Labour's pro-Brexit stance is not preventing it from winning the support of Remainers. Will that change?

More than a year after the UK voted for Brexit, there has been little sign of buyer's remorse. The public, including around a third of Remainers, are largely of the view that the government should "get on with it".

But as real wages are squeezed (owing to the Brexit-linked inflationary spike) there are tentative signs that the mood is changing. In the event of a second referendum, an Opinium/Observer poll found, 47 per cent would vote Remain, compared to 44 per cent for Leave. Support for a repeat vote is also increasing. Forty one per cent of the public now favour a second referendum (with 48 per cent opposed), compared to 33 per cent last December. 

The Liberal Democrats have made halting Brexit their raison d'être. But as public opinion turns, there is no sign they are benefiting. Since the election, Vince Cable's party has yet to exceed single figures in the polls, scoring a lowly 6 per cent in the Opinium survey (down from 7.4 per cent at the election). 

What accounts for this disparity? After their near-extinction in 2015, the Lib Dems remain either toxic or irrelevant to many voters. Labour, by contrast, despite its pro-Brexit stance, has hoovered up Remainers (55 per cent back Jeremy Corbyn's party). 

In some cases, this reflects voters' other priorities. Remainers are prepared to support Labour on account of the party's stances on austerity, housing and education. Corbyn, meanwhile, is a eurosceptic whose internationalism and pro-migration reputation endear him to EU supporters. Other Remainers rewarded Labour MPs who voted against Article 50, rebelling against the leadership's stance. 

But the trend also partly reflects ignorance. By saying little on the subject of Brexit, Corbyn and Labour allowed Remainers to assume the best. Though there is little evidence that voters will abandon Corbyn over his EU stance, the potential exists.

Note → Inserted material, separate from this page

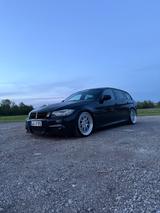 BMW 330d Touring LCI/N57/M-Paket/Pano/S-Ahk/Schalter - BMW 330 aus 2009: D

For this reason, the proposal of a new party will continue to recur. By challenging Labour over Brexit, without the toxicity of Lib Dems, it would sharpen the choice before voters. Though it would not win an election, a new party could force Corbyn to soften his stance on Brexit or to offer a second referendum (mirroring Ukip's effect on the Conservatives).

The greatest problem for the project is that it lacks support where it counts: among MPs. For reasons of tribalism and strategy, there is no emergent "Gang of Four" ready to helm a new party. In the absence of a new convulsion, the UK may turn against Brexit without the anti-Brexiteers benefiting. 

George Eaton is political editor of the New Statesman.